— Your task —
Would you transcribe each entry exactly as it stands, omitting the pictures?

— Dataset items —
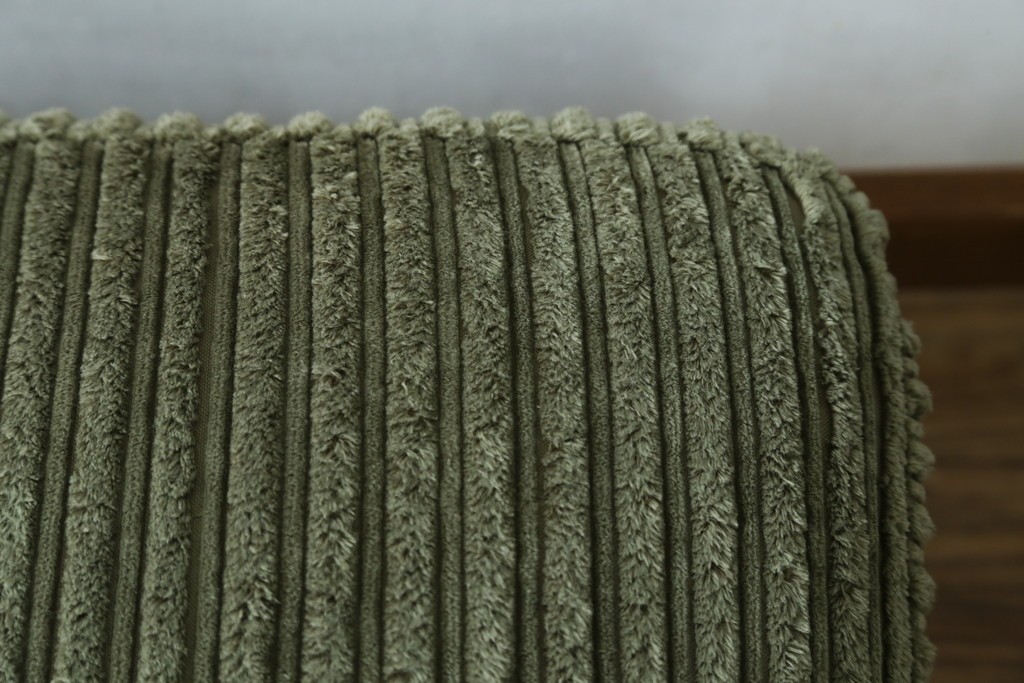 中古　美品!!　ACME Furniture(アクメファニチャー)　JETTY feather(ジェティ・フェザー)　肌触りの良いコーデュロイ生地のおしゃれなオットマン　定価約8万5千円　(R-082284)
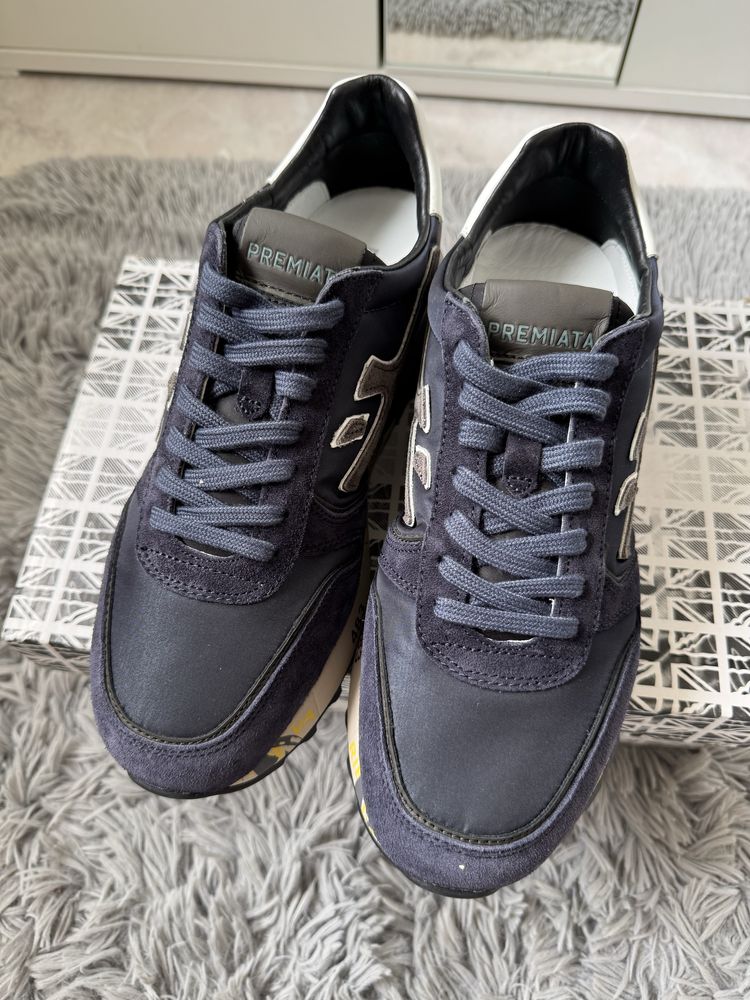 Premiata Mick 5889 чоловічі кросівки Оригінал 41 Преміата Moerun
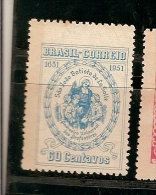 Brazil ** & 300 Aniv. S.João Baptista De Salle, Padroeiro Universal Dos Professores 1651-1951  (494) - Unused Stamps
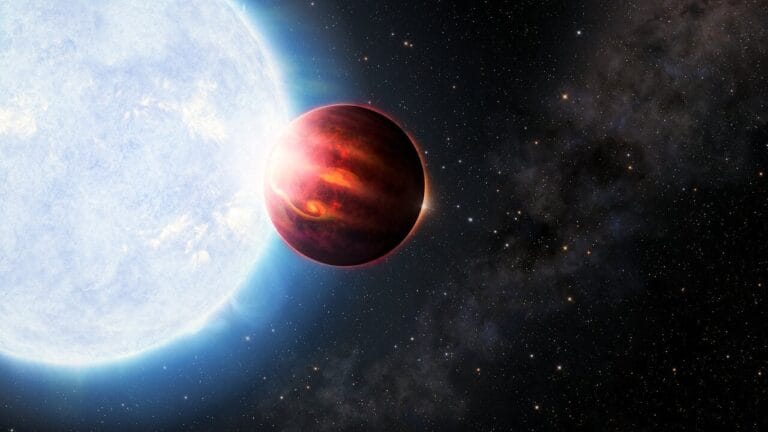 Estrela Hospedeira de Exoplaneta Apresenta Semelhanças Químicas com Seu Júpiter Quente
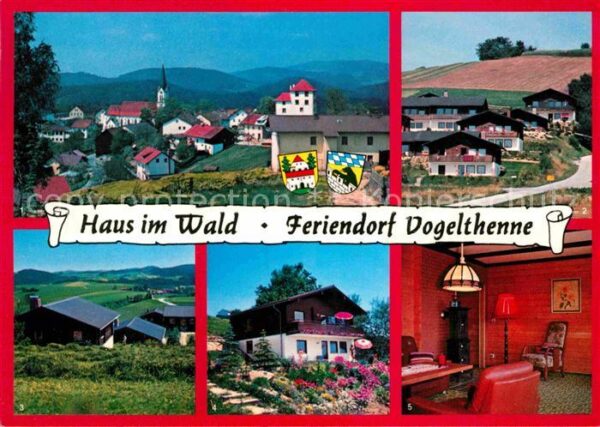Taufkirchen Muenchen Haus im Wald Vogelthenne Ilztal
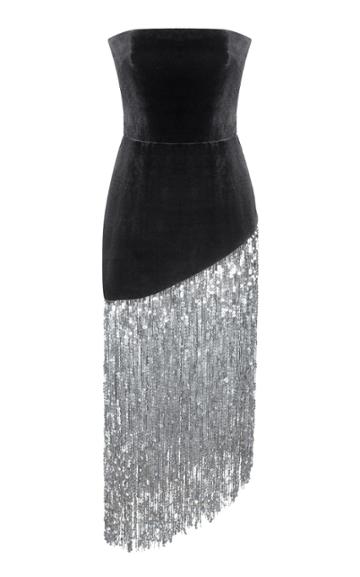 Rasario Asymmetrical Midi Dress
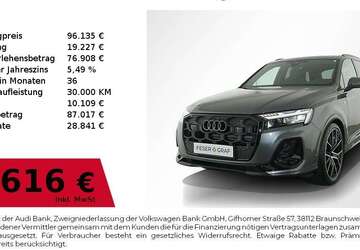 Audi Q7 5.000 km 96.135 &euro; Nürnberg 90441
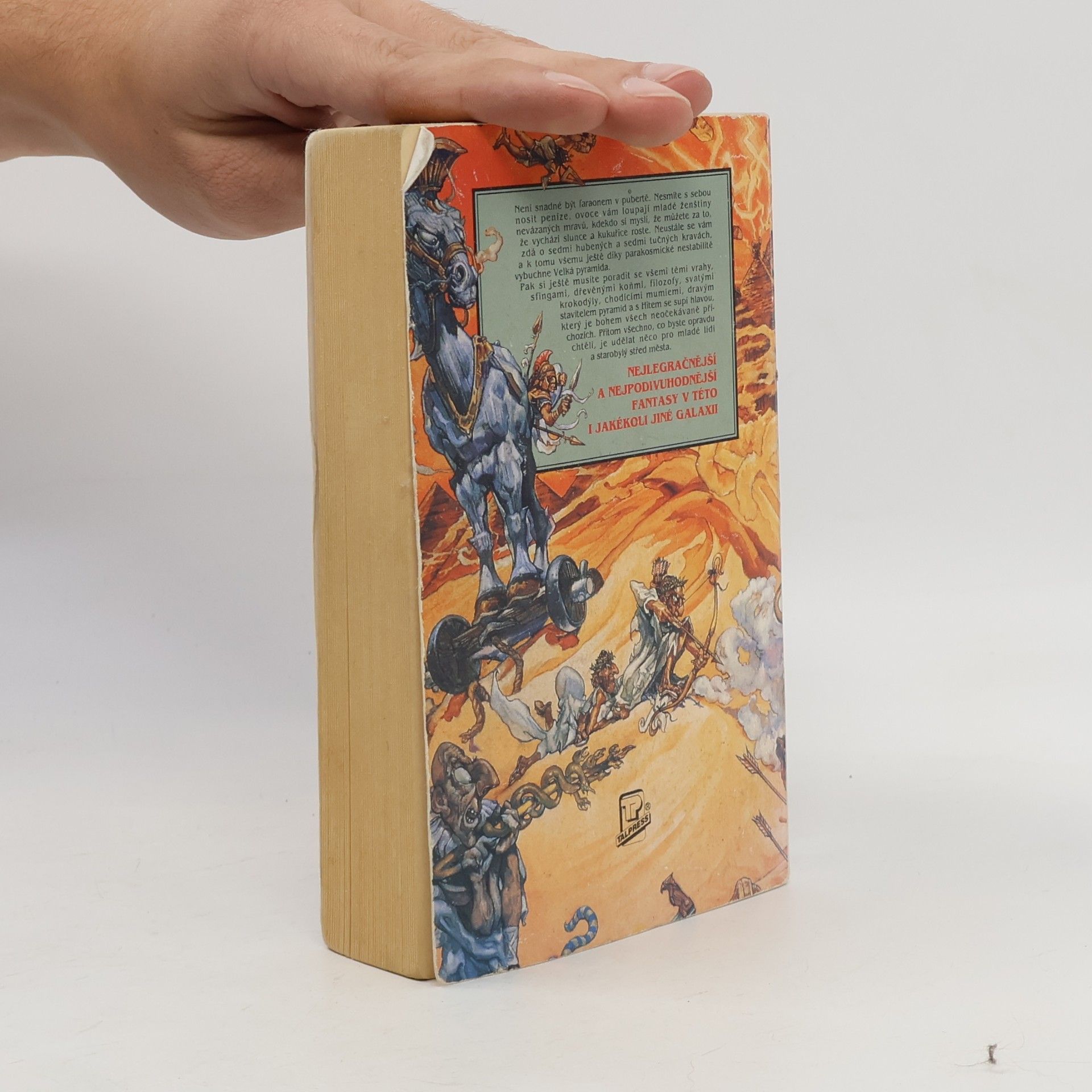 Terry Pratchett Pyramidy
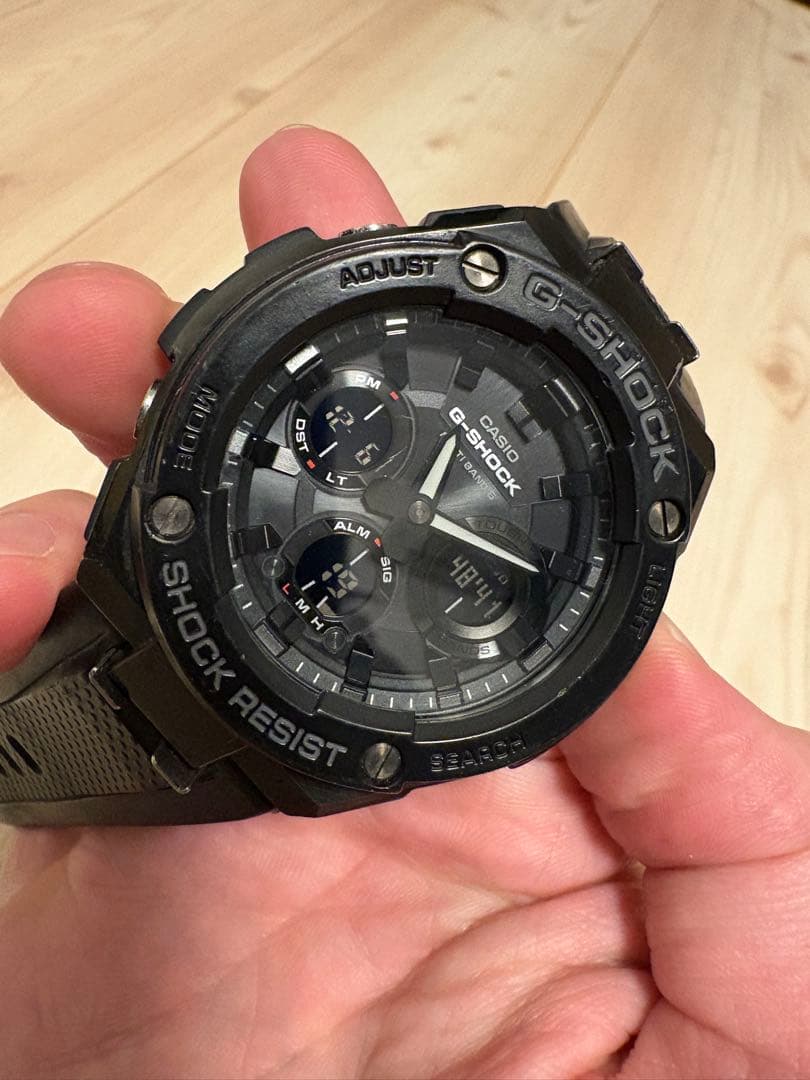 gshock 電波ソーラー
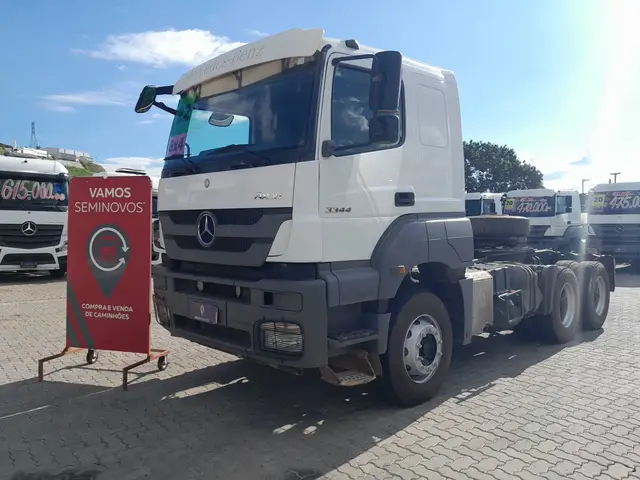 Caminhão Mercedes-Benz Axor 2022 3344/48 6X4 E5
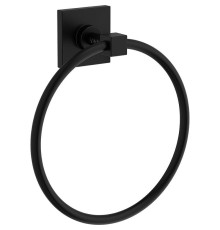 Кольцо для полотенец Vitra Root A4480236 Черное матовое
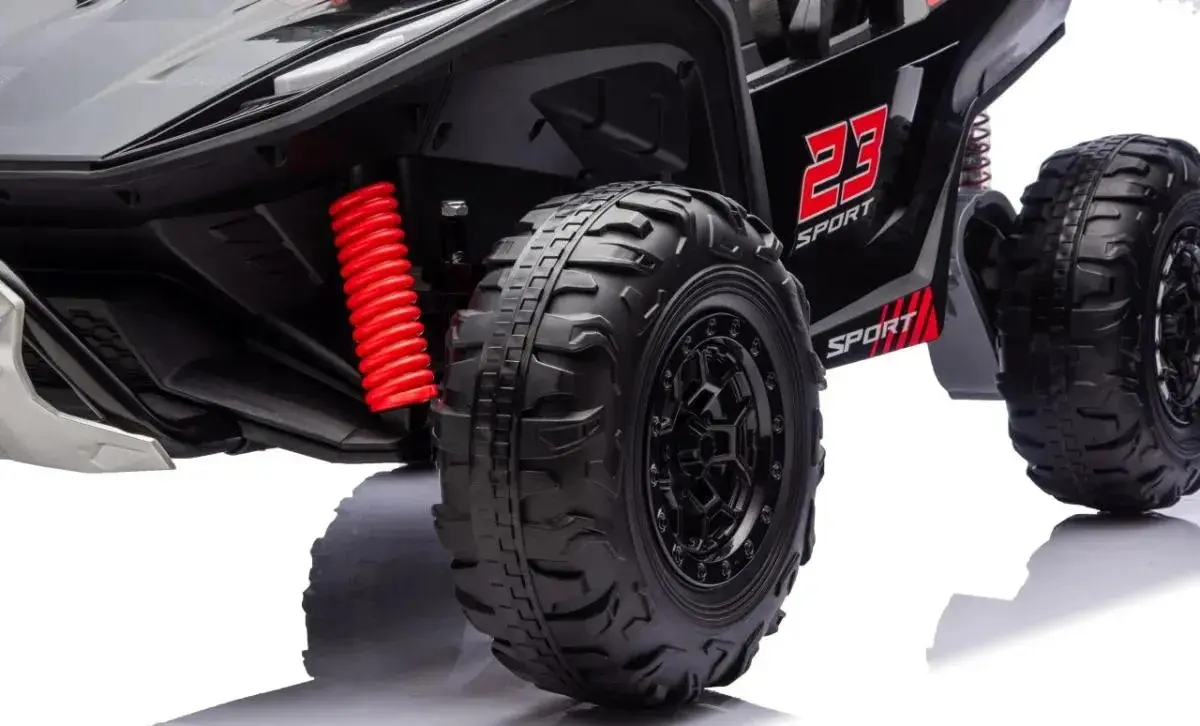Maşinuţă electrică Ramiz Buggy Turbo 23 (Black) - 15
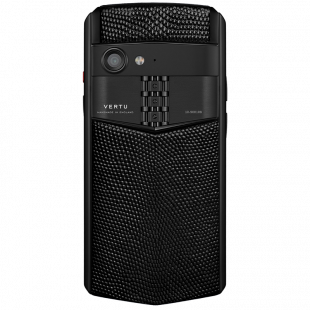 Vertu Aster P Gothic Titanium Black Lizard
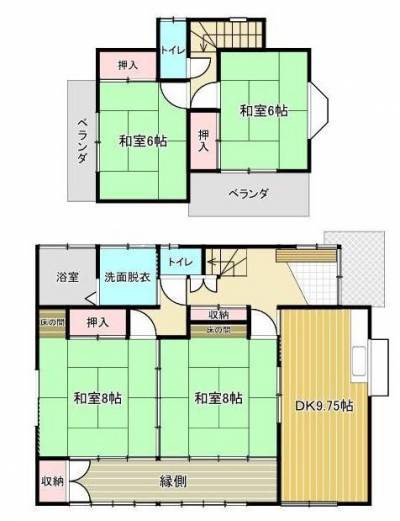 広々とした間取りです！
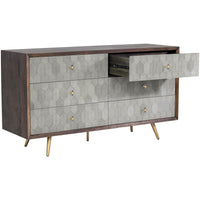 Aniston Dresser - Furniture - Bedroom - High Fashion Home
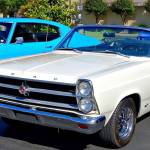 Many vehicles, including this one, were on display in 2022 at the Cruisin Kent Car Show. COURTESY FILE PHOTO, Kent Station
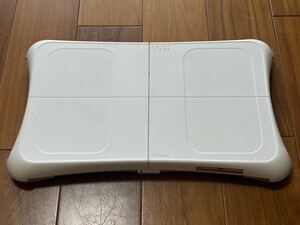 1 jpy start WiiFit soft, balance Wii board used operation not yet verification 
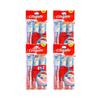 Deep Clean Soft Bristle Toothbrushes (12-Pack)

— Result of this exercise —
 中古　美品!!　ACME Furniture(アクメファニチャー)　JETTY feather(ジェティ・フェザー)　肌触りの良いコーデュロイ生地のおしゃれなオットマン　定価約8万5千円　(R-082284)
 Premiata Mick 5889 чоловічі кросівки Оригінал 41 Преміата Moerun
 Brazil ** & 300 Aniv. S.João Baptista De Salle, Padroeiro Universal Dos Professores 1651-1951  (494) - Unused Stamps
 Estrela Hospedeira de Exoplaneta Apresenta Semelhanças Químicas com Seu Júpiter Quente
Taufkirchen Muenchen Haus im Wald Vogelthenne Ilztal
 Rasario Asymmetrical Midi Dress
 Audi Q7 5.000 km 96.135 &euro; Nürnberg 90441
 Terry Pratchett Pyramidy
 gshock 電波ソーラー
 Caminhão Mercedes-Benz Axor 2022 3344/48 6X4 E5
 Кольцо для полотенец Vitra Root A4480236 Черное матовое
Maşinuţă electrică Ramiz Buggy Turbo 23 (Black) - 15
 Vertu Aster P Gothic Titanium Black Lizard
 広々とした間取りです！
 Aniston Dresser - Furniture - Bedroom - High Fashion Home
 Many vehicles, including this one, were on display in 2022 at the Cruisin Kent Car Show. COURTESY FILE PHOTO, Kent Station
 1 jpy start WiiFit soft, balance Wii board used operation not yet verification 
 Deep Clean Soft Bristle Toothbrushes (12-Pack)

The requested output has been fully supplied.